Aktarımın kurucu ilkesi bildiği varsayılan öznedir: analistin öznenin “gerçek hakikatini” bilebileceği ilkesi. Miller’ın aşk hakkında dile getirdiği gibi: “Şu soruya gerçek bir yanıt veren insana âşık oluruz: ‘Ben kimim?’” (Miller 2008). Bununla birlikte psikanaliz bilgi konusu olmayan, bilinçdışı bir bilgiye işaret eder. Lacan, konuşan varlığın jouissance’ı tarafından sınırlandırılmış olduğu kabul edilmeden, bilgi diye bir şeyin gerçekte söz konusu olmadığını ileri sürmüştür. Aslına bakılırsa “bilgi bir gizemdir”; bilinçdışının bize takdim ettiği bir gizem (Lacan 1998: 126).

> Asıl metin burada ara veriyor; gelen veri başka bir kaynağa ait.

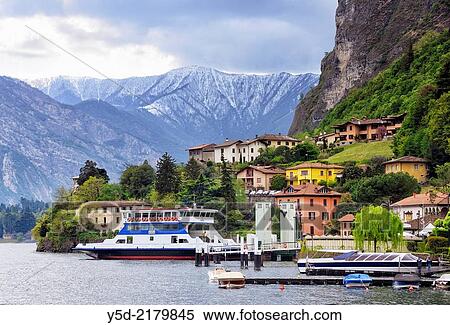 Menaggio, province Como, Lombardy, northern Italy, western shore of Lake Como. View Large Photo Image Stock Photography - Menaggio, province Como, Lombardy, northern Italy, western shore of Lake Como.. Fotosearch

Lacan’a göre psikanaliz her şeyden önce etiktir, zira aralıksız arzu noktasında tikel varlığın anlaşılması güç arzusuna gerçek bir alan tahsis eder (Lacan 1992: 309). Üstelik Lacan daha sonraki süreçte arzuyla ilişkili olarak çok daha fazlasına işaret eden dürtü, das ding (Şey), gerçek, temel fantezi, sinthome ve jouissance’tan kaynaklı keyfe daha fazla vurgu yapar; öyle ki öznenin kendi içsel yaşantısıyla yüz yüze gelmesi noktasında deneyimlenen (gerçeğin) yarattığı ıstıraplı kedere alan sağlayan şey, psikanalitik pratiktir (Lacan 1992: 304). Bunun nedeni, psikanalizin aktarım aşkı aracılığıyla iş görmesidir. Felsefenin bilgelik aşkı olduğu yerde psikanaliz bu bilgeliği aşkın hizmetine koşuyordur.

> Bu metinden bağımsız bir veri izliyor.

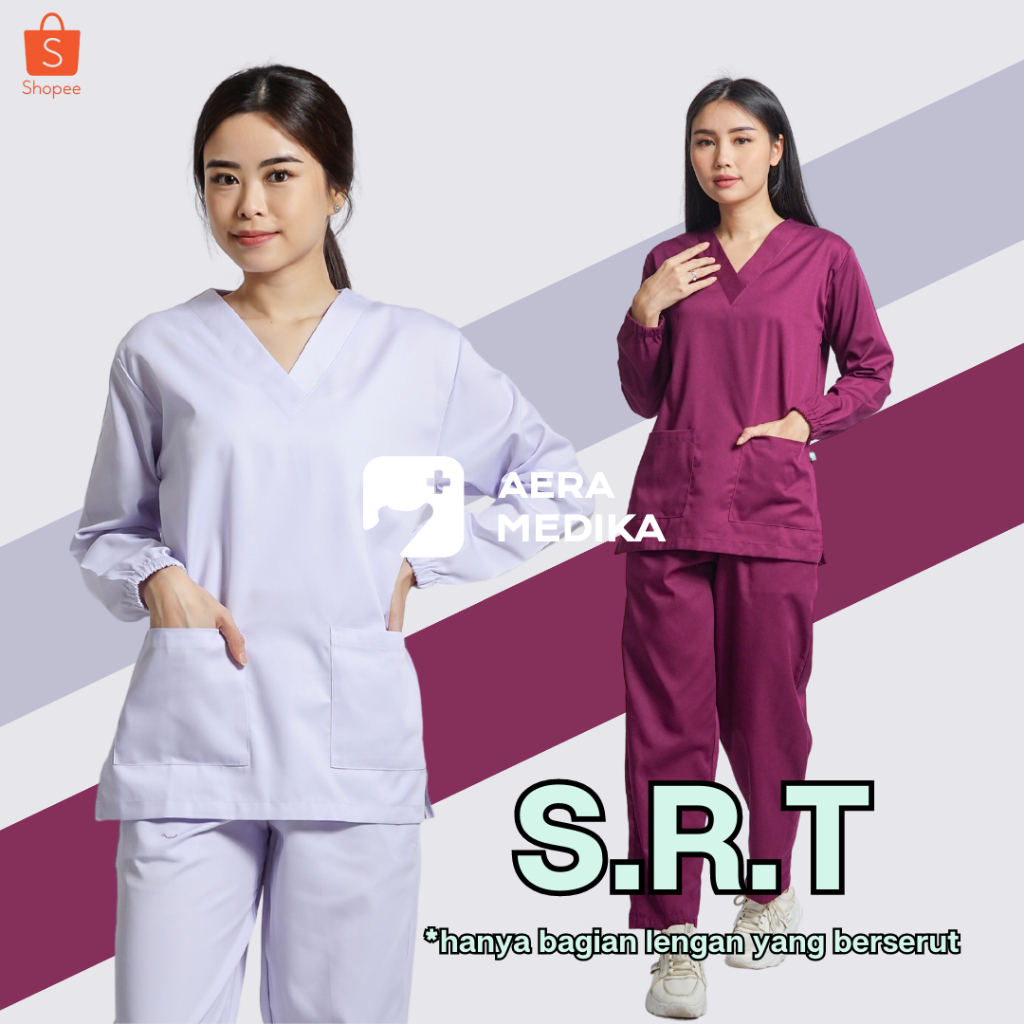 Jual Srt Set Baju Jaga Perawat Dokter Baju Jaga Seragam Medis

Lacan’ın denemelerinde, birbirlerinden ayrılması gereken iki temel aşk biçimi olduğunu düşünüyorum ben: cinsiyetlendirişmiş narsistik aşk ve yüceltilmiş gerçek aşk. Lacan erken dönemli denemelerinde aşkı öncelikli olarak narsistik yapı taşıyan bir işlev olarak idrak etmişti: arzulanma arzusu (Lacan 1977a: 186). Narsistik aşkın doğası hakkında şunları dile getirmişti: “Bütün mesele, aşk nesnesinin arzu nesnesininkine benzer bir rolü hangi yoldan oynayabileceğini keşfetmektir” (Lacan 1977: 186).
Lacan ve kendisinden önce gelen Freud, bütün taleplerin sevgiye dönük talepler olduğunu düşünüyordu. Lacan’ın altını çizdiği şey, talebin ardında yatan şeyin arzu olduğudur. Arzu talebin ötesinde varlığa geldiği için, talebin hedeflediği şey gerçekte Ötekidir. Arzuyu eksikliğini doyurma talebiyle karıştıran özne aynı zamanda gerçek bir ötekiyi büyük harfli Ötekiyle karıştırır. Nitekim Ötekine duyulan arzu ötekilere yöneltilen bir talep olarak yansıtılır. Dolayısıyla Ötekindeki eksikliği görünmez kılan âşık ötekini bir tıkaç olarak kullanır.
Bu açıdan bakıldığında, aşk talebi, “aşkın bir kanıtına dönüştürülerek bahşedilebilecek her şeyin kendine özgülüğünü iptal eder” (Lacan 1977: 286). O hâlde varlık, aşka dönük talebinin bozguna uğrayışına indirgenmiştir ve bu aslında etik dışı bir durumdur. Âşık olduğunu sanan narsist özne gerçekte ötekinden nefret edip onu yok ediyordur. Lacan bu durumu şu şekilde ifade etmişti: “Seni seviyorum ama açıklanamaz biçimde sendeki bir şeyi –objet petit a (küçük a nesnesi)– senden de çok sevdiğim için seni sakatlıyorum” (Lacan, 1977, 263).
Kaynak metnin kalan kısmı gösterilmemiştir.